The book also takes plenty of digs at the ‘traditional’ venture capital model. It questions the very basic understanding that early stage investments should only be in ‘informed’ hands – saying that IPOs have not just been an important form of VC liquidity, but also a ‘dumping ground for low value startups’ – citing the dismal 1-in-20 post IPO odds of shareholder value creation. It suggests that the ‘traditional’ VC business model is outdated – and it is highly unlikely for a few people in the VC industry to keep pace with the ever increasing rate of change in technologies and businesses. It also suggests that VC funded startups might try too hard to achieve pre set ‘milestones’ – for the fear of further equity dilution – as against constantly tweaking direction (‘pivoting’) to match with that of the changing world.
The book also illustrates how crowdfunding of projects is ‘not just about money’, but – as it gives an example of crowdfunded movies – could also be in the form of other ‘perks’ like mention in the credits, discounts, appearances in the movies etc.
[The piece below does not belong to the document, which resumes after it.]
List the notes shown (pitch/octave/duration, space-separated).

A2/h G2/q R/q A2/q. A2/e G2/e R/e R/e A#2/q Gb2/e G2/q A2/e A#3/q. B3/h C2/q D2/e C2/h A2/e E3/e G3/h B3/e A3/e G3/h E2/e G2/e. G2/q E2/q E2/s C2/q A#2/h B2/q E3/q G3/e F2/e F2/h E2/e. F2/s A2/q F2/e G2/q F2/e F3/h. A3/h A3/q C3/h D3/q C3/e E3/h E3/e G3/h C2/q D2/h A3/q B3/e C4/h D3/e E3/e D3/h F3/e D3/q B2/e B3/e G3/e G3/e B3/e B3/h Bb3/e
However, coming back to the ‘money’ part of it, the book underscores the irony with regards to startup valuations – wherein one is skeptical in letting the ‘market’ (implying the ‘crowd’) to decide the valuations and rather one lets ‘few parties with special interests’ decide the prices.
The book then turns the reader’s attention towards how a futuristic crowdfunding platform would look like. This, I thought was the most fascinating part – since the authors have not stopped at just pointing the deficiencies in the current system but have also offered a very well thought out solution – which touches upon almost all possible concerns. Some ideas like having a standardized XML like language for reporting startup information for algorithmic scanning are quite cool. This part of the book makes for some really interesting reading – as one encounters one futuristic concept after other (and also a sound reasoning as to why it makes sense).
Kevin Lawton himself has initiated an effort towards creating global best practices for crowdfunding platforms by way of this informal LinkedIn group (now that’s ‘crowdsourcing’ at work!). These best practices include focus on disclosures, informing investors about the importance of diversification, letting them know of the typical risk return profiles in early stage investments, etc.
All in all, this book is a comprehensive introduction to the concept of crowdfunding . The examples (which span across the past, present and the future!) spice it up well. A must read for anyone interested in the early stage funding process.